Ir en contra de sus disposiciones tampoco es sencillo para los gobernadores, incluso los de oposición. Históricamente, en México, el gobierno federal tiene control sobre el reparto del presupuesto a los estados y, si algún gobernador alza la voz contra el presidente, suele “curiosamente” retrasarse o hasta cancelarse la llegada de recursos, lo que empantana su gestión local.
Sin embargo, el desdén de AMLO a la peligrosidad de la pandemia motivó a que, cuidando muchísimo las formas y sin confrontar abiertamente al presidente, un tercio de los gobernadores (todos de oposición) tomaran la iniciativa de suspender clases, cancelar actividades masivas y recomendar quedarse en casa, mientras que el presidente navegaba en sentido contrario.
Un caso notable fue el del gobernador Enrique Alfaro, de Jalisco. No sólo decretó las medidas restrictivas, sino anunció la compra masiva de pruebas rápidas para coronavirus, mientras el gobierno nacional ha sostenido su política de que hacerlas no es tan importante, contraviniendo la recomendación de la Organización Mundial de la Salud (OMS). Al final, por problemas que el gobernador llamó “cosas raras”, las pruebas no llegaron a Jalisco, pero la decisión de adquirirlas fue elogiada incluso por legisladores de Morena. En otros tiempos, jamás se hubieran atrevido a aplaudir ni en privado medidas de un opositor.
En otro caso, un nutrido grupo de senadores de Morena redactó un punto de acuerdo para presentar al Congreso. Preocupados por la amenaza del coronavirus y la lentitud con la que ha reaccionado el gobierno federal, aproximadamente 15 legisladores —una cuarta parte del total de la bancada — redactaron un documento haciendo un llamado a tomar las medidas recomendadas por la OMS para enfrentar la pandemia, y a privilegiar la unidad nacional, dejar a un lado las posiciones partidistas y abandonar la polarización que tanto ha exacerbado el presidente.

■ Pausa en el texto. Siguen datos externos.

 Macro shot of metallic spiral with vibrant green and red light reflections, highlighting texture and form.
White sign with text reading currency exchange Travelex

Este punto de acuerdo no fue público —a mí me lo revelaron varios senadores involucrados en su redacción— porque nunca llegó a la tribuna del Senado. Lo habría frenado el líder de Morena en esa cámara, Ricardo Monreal. Sin embargo, esta efervescencia entre senadores de Morena es también inusual.
Como inusual es que circule una versión dentro del mismo gobierno, de que habría renunciado el canciller Marcelo Ebrard (sin que le aceptaran la dimisión) presuntamente por el mal manejo de la crisis por coronavirus. La versión no ha sido confirmada y el vocero de la Cancillería negó rotundamente el hecho cuando le pregunté. Pero ese no es el punto, sino que este tipo de versiones no solían circular: ¿Quién querría distanciarse de un presidente popular?

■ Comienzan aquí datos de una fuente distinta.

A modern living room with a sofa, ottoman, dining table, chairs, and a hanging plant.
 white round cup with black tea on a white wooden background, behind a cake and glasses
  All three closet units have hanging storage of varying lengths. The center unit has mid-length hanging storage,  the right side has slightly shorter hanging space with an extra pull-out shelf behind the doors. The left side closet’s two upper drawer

Pero la popularidad del presidente ha caído: en tres encuestas (Consulta Mitofsky, GCE y GEA) se ubica por primera vez con menos de 50% de aprobación. Estas mismas mediciones, hace un año, ponían su aceptación entre 70 y 80%.
En otro momento político hubiera sido impensable hablar de un punto de acuerdo como el del Senado o que circulara la versión de una renuncia de alto rango.
Está claro que, frente a la extrema peligrosidad de la pandemia, AMLO es el emperador que camina desnudo y que ya su propia gente se está atreviendo a decirlo, o al menos a murmurarlo. Quizá sea por un cálculo político al ver que la sociedad ha rebasado al presidente, porque su popularidad se ha desplomado y, con la gestión de esta crisis, la caída será mayor, o por el mucho miedo que genera el virus, pero está sucediendo un cambio en la forma en que el gobierno y Morena ven a su líder.